30. The hydrajetting tool assembly of claim 29 further comprising a
downhole power unit mechanically connected to the rotating
sleeve.
31. The hydrajetting tool assembly of claim 30 wherein the
hydrajetting sub is directly connected to rotating sleeve, and the
rotating sleeve is directly connected to the downhole power
unit.
32. The hydrajetting tool assembly of claim 17 further comprising a
check valve mechanically connected to the hydrajetting sub.
33. The hydrajetting tool assembly of claim 32 further comprising a
temperature sensor.
34. The hydrajetting tool assembly of claim 32 further comprising a
pressure sensor.
35. The hydrajetting tool assembly of claim 17 further comprising a
packing device mechanically connected to the hydrajetting sub,
wherein the packing device is capable of seating against the
wellbore to form a seal.
36. The hydrajetting tool assembly of claim 17 wherein the
directional tool comprises a gyroscopic surveyor, a wireline
steerer, a memory pulsed neutron logging device, or an
electromagnetic logging device.
37. The hydrajetting tool assembly of claim 36 wherein the
directional tool is capable of communicating with surface
equipment.
38. The hydrajetting tool assembly of claim 36 wherein the
directional tool further comprises an integrated power system.
39. The hydrajetting tool assembly of claim 17 further comprising a
hole finder mechanically connected to the hydrajetting tool.
40. The hydrajetting tool assembly of claim 17 further comprising a
gamma radiation source mechanically connected to the hydrajetting
sub.
41. The hydrajetting tool assembly of claim 17 further comprising a
collar locator mechanically connected to the hydrajetting sub.
Description
BACKGROUND
[0001] This invention relates to a system and method for fracturing
a hydrocarbon-producing formation with a fracturing system located
in a wellbore adjacent the formation.
[0002] Hydraulic fracturing is often utilized to stimulate the
production of hydrocarbons from subterranean formations penetrated
by wellbores. Such hydraulic fracturing treatments typically
include perforating the well casing adjacent the formation and
introducing a fracturing fluid through tubing into a tool assembly
in the casing, and to a ported sub, or the like, connected in the
tool assembly. The fluid discharges from the ported sub at a
relatively high pressure and passes through the perforations in the
well casing and into the formation to fracture it and promote the
production of the hydrocarbons such as oil and/or gas. Where only
one portion of a formation is to be fractured as a separate stage,
it is isolated from the other perforated portions of the formation
using conventional packers or the like, and a fracturing fluid is
pumped into the wellbore through the perforations in the well
casing and into the isolated portion of the formation to be
stimulated at a rate and pressure such that fractures are formed
and extended in the formation. Propping agent may be suspended in
the fracturing fluid which is deposited in the fractures. The
propping agent functions to prevent the fractures from closing,
thereby providing conductive channels in the formation through
which produced fluids can readily flow to the wellbore. In certain
formations, this process is repeated in order to thoroughly
populate multiple formation zones or the entire formation with
fractures.
[0003] In situations where casing is not present, it is sometimes
desirable to use the above approach to create a preferential center
of fracture point. In general, this center of fracture point
coincides with the center of the tubing or casing. Such a method is
described in U.S. Pat. No. 5,765,642, where a jetting tool is used
to place such fractures, with or without the use of isolation
methods.
[0004] However, these types of techniques are not without problems.

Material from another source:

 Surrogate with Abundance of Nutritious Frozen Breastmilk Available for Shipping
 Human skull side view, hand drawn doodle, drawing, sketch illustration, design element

For example, it is typically not possible with traditional
fracturing technology to direct the fracture in a specific
direction, as fractures are controlled primarily by the mechanics
of the formation and the wellbore. In traditional fracturing
methods, the center of the fracture is in the center of the tubing
or casing. This may result in fracturing into water-producing
formations or fracturing into another known undesirable fracture or
well. Such methods may also result in fracturing in the direction
of least principle stress creating near-wellbore-toruosity during
the fracture treatment and possible formation sand flowback
problems.
[0005] Also, with traditional methods of well fracture it is
typically not possible to determine the exact location and
orientation of the ported sub, and hence, the exact location of the
fractures to be formed. Further, traditional hydraulic fracturing
tools most often lack critical equipment necessary to complete
other procedures in the wellbore, such as packing, orientation and
the like. These traditional hydraulic fracturing tools must most
often be removed from the wellbore and other tools inserted for
such additional procedures, resulting in additional time and costs.
Therefore, what is needed is a fracturing system and method that
eliminates the above problems.
SUMMARY
[0006] The present invention is directed to an apparatus and method
for fracturing and/or perforating a formation.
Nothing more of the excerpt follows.